I wrote my last post from sweltering San Jose, and now I write this from a very sunny but distinctly autumnal London. Three family events; speaking at the Sewing Weekender; jetlag and a cold; progress on The Career Girl, my new pattern AND expanding the Nina Lee size range have all been keeping me busy these past couple of weeks since our return and I feel rather like I’ve hurtled into the new season! Our wedding now seems like ages ago – because it was! Soon we will have been married for three whole months!
I gave a talk at the Sewing Weekender about the process of sewing my wedding dress, along with tips and resources for anyone who is facing a similar project. It was so lovely having other ladies come up to me after the talk with stories of sewing for their own weddings, and some who felt newly inspired to do so!
It also made me realise how slow I’ve been at putting together these blog posts – I really do apologise for anyone who’s been following along and wondering why I’m such a snail (I wonder this myself all the time…) So to crack on with things – I’d finished my skirt and I’d finished my bodice – it was time to unite the two!
Before I attached the bodice to the skirt I tried the two on together in a rough mock-up. (Actually I spent quite a lot of time trying on elements of the dress in front of the mirror – this was crucial for keeping me on track, keeping me inspired and for finessing the final design).

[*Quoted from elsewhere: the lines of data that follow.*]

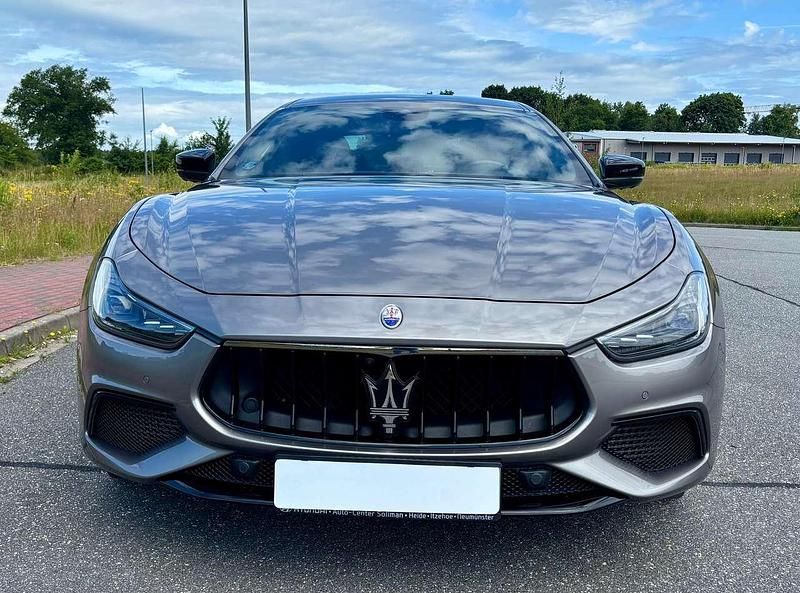 Gebraucht Maserati Ghibli 349 PS (256 kW) 2020 Grau Limousine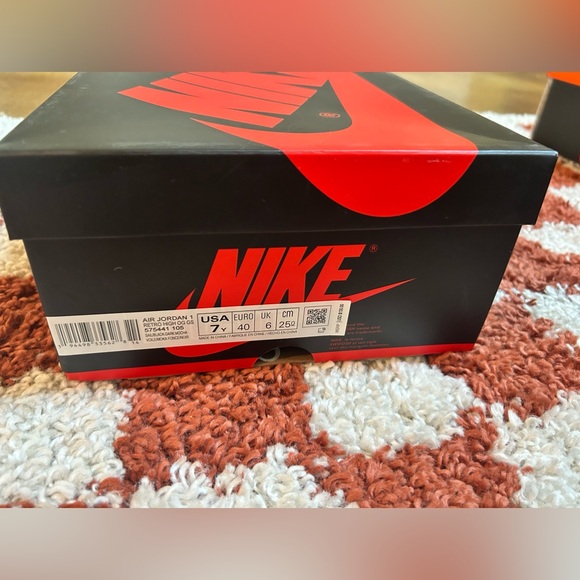 Jordan 1 Retro High Dark Mocha size 7Y, only worn once in great condition - Picture 2 of 6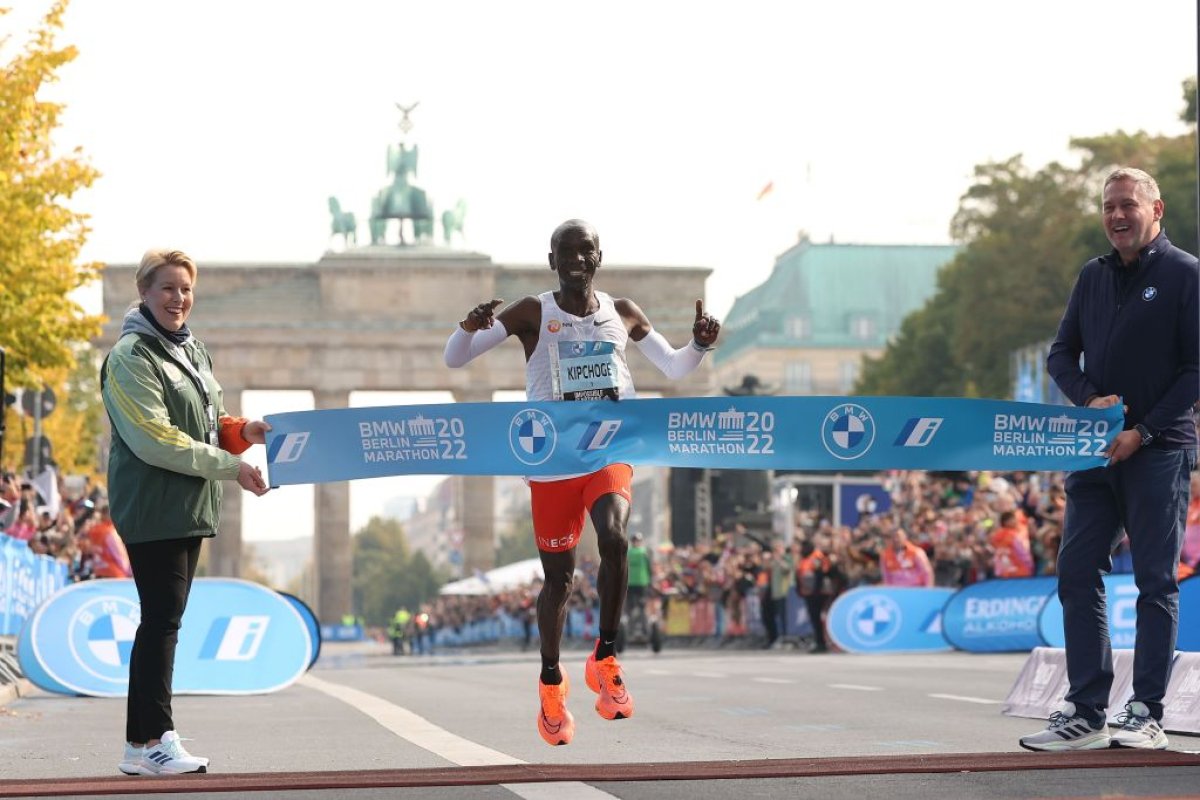 Maratón de Tokio: Kipchoge y Hassan, en la línea de largada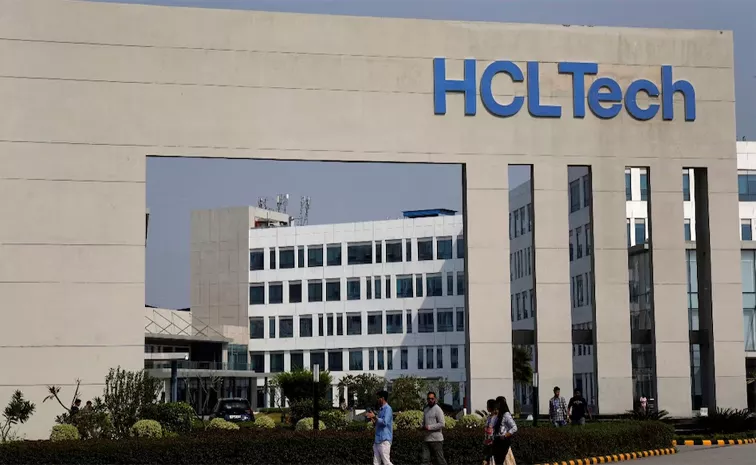 HCLTech Headcount Down By 8080 in FY2025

It was at this point that I had a mild panic that something wasn’t right – the dress wasn’t enough. It looked plain to me, conventional. After some playing around with fabric scraps I went down a sleeve rabbit hole on Pinterest and began to dream of adding hugely dramatic off-the-shoulder sleeves, flamboyant puffs of organza, or a Scarlet O’Hara-esque ruffle. It took me a long time to recognise that, in a dress that hadn’t been designed or drafted to accommodate them, huge sleeves were going to bulk out my upper body and detract from the fitted bodice silhouette I’d always hoped for. I needed clearly defined arms and waist to counter-balance the volume of the skirt. So we pared back the sleeve idea to the lace ‘bands’ I ended up with. I created bias strips from my ivory silk, and used them to encase some lingerie elastic (the sort that trims knickers – it’s softer), before attaching these bands to each side of the outer bodice. The ends of the bands are actually on the right side of the bodice, not in the seam allowance – they would eventually be covered by the Guipure lace appliqué.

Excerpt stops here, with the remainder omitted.